I have had similar thoughts in the past, e.g. I graduated from school X but only landed job Y with salary Z. but ultimately came to realize this kind of thinking is a WASTE OF TIME. Not in the sense of "Let me just accept my dire situation, I am actually worthless, it was all for nothing" etc. but in a completely different sense. It is a waste of time because that thinking never actually changes your situation, except for that it makes you bitter. Some would argue this bitterness drives you to work harder, but let me tell you that a positive attitude is actually way more productive in the long run. Appreciate where you are, and TRUST that you will get to where you really deserve to be. IF YOU PUT IN THE WORK AND ADD MORE VALUE THAN YOUR PEERS, IT WILL BE RECOGNIZED and you will move on to greater things. Someone will recognize your ability to add value, this is finance after all.

Stop feeling entitled, start feeling grateful, add value any way you can, and keep on working hard. That is a 99% guaranteed way to get whatever salary you can dream of down the road.

On a side note, I have a friend in recruiting for finance positions, and they basically call anyone and everyone remotely qualified, then low-ball the hell out of them. Think about it from their perspective.

 

I have worked very hard for a very long time but there is always some wacky twist or turn that I have no control over. One time I worked for a boss who was so crazy I had to take my keys out of my pockets before i walked in the office because if he heard my keys jingle in my pocket he would leap out of his chair and look aroubd like he heard gunshots. That was just the tip of the iceberg.....

My first trading job I had 100k equity in my trading account and went home flat every night and the motherfucker i worked for would not ket me take a draw because I "had on too much risk". I was FLAT!!

Earned the CFA 10 years ago. No one gives a flying fuck. I still interview with people who don't even know what it is.

Tried to start a hedge fund that was short index vol. Met my first potential client the day Lehman went under...

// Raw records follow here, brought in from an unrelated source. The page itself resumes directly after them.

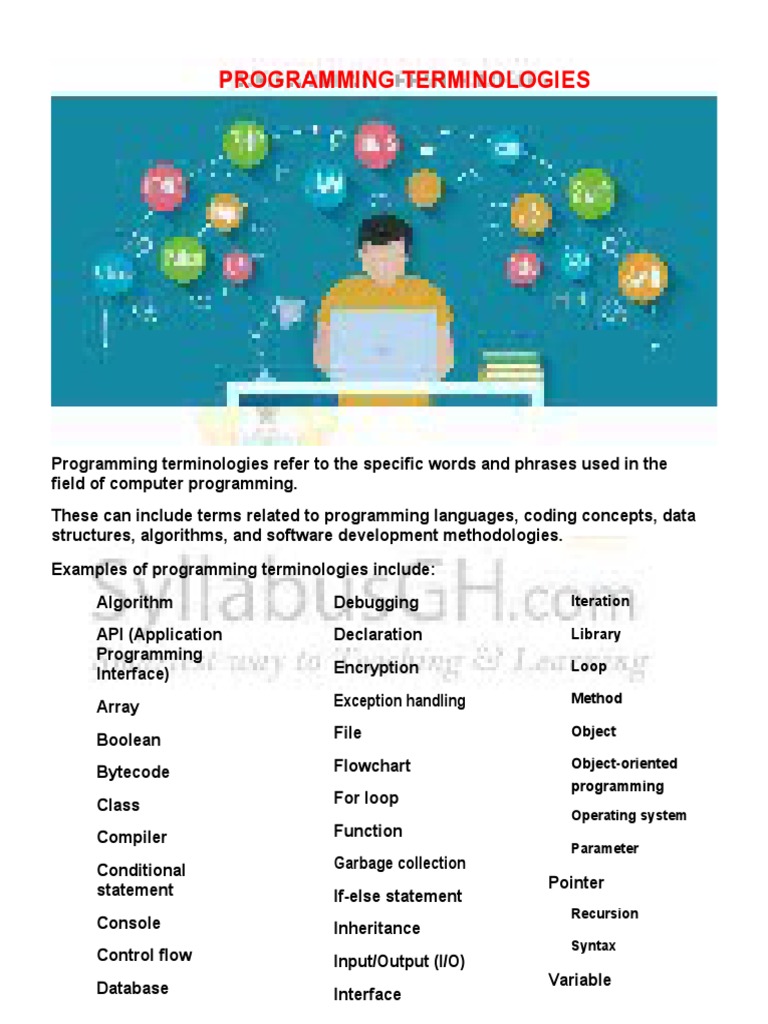 1.1.8 PROGRAMMING TERMINOLOGIES | PDF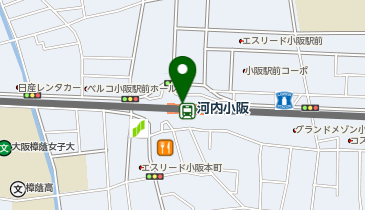 ケンタッキーフライドチキン 近鉄河内小阪駅店の地図画像
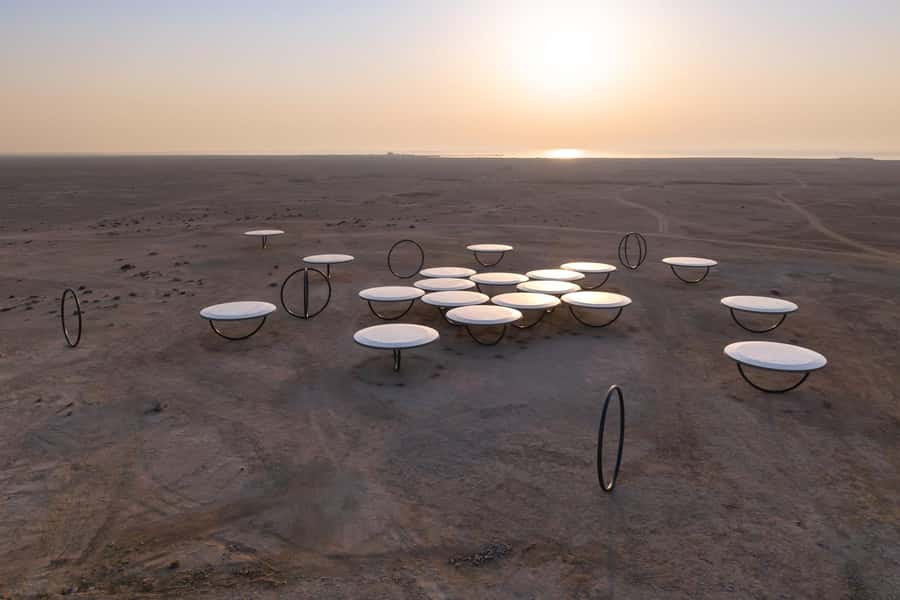 North of Qatar: Olafur Eliasson Exibit, Zubara fort & jumail - Olafur Eliasson’s curious desert installation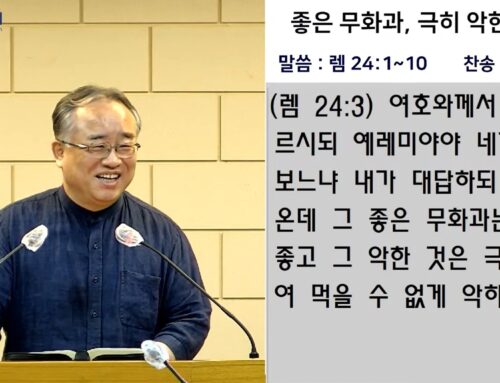 [복음메시지] 좋은 무화과, 극히 악한 무화과(렘24: 1~10)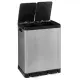 Pattumiera Doppia 186157A Ariane 30+30Lt Inox Argento 5FIVE - 5FIVE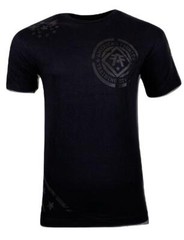 AMERICAN FIGHTER Men’s T-Shirt AVERETT Black Athletic Biker MMA S-4XL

It goes on and on and fucking on. Its not about merit. Its not about trying. If trying were the key id be worth 20mm by now. No, what is clearly missing is luck.

 

One alternate note to consider: If you are in New York, it is now illegal to ask people what they currently earn. This means they can ask your expectations only. Because people who are making $350k will often ask for $1MM and items completely ludicrous, employers will often start with a low offer to get someone to reveal what they actually earn or get a closer hint at their true reserve price.

Getting butt hurt about it and hanging up does you literally zero good. Play the game or continue getting paid like shit.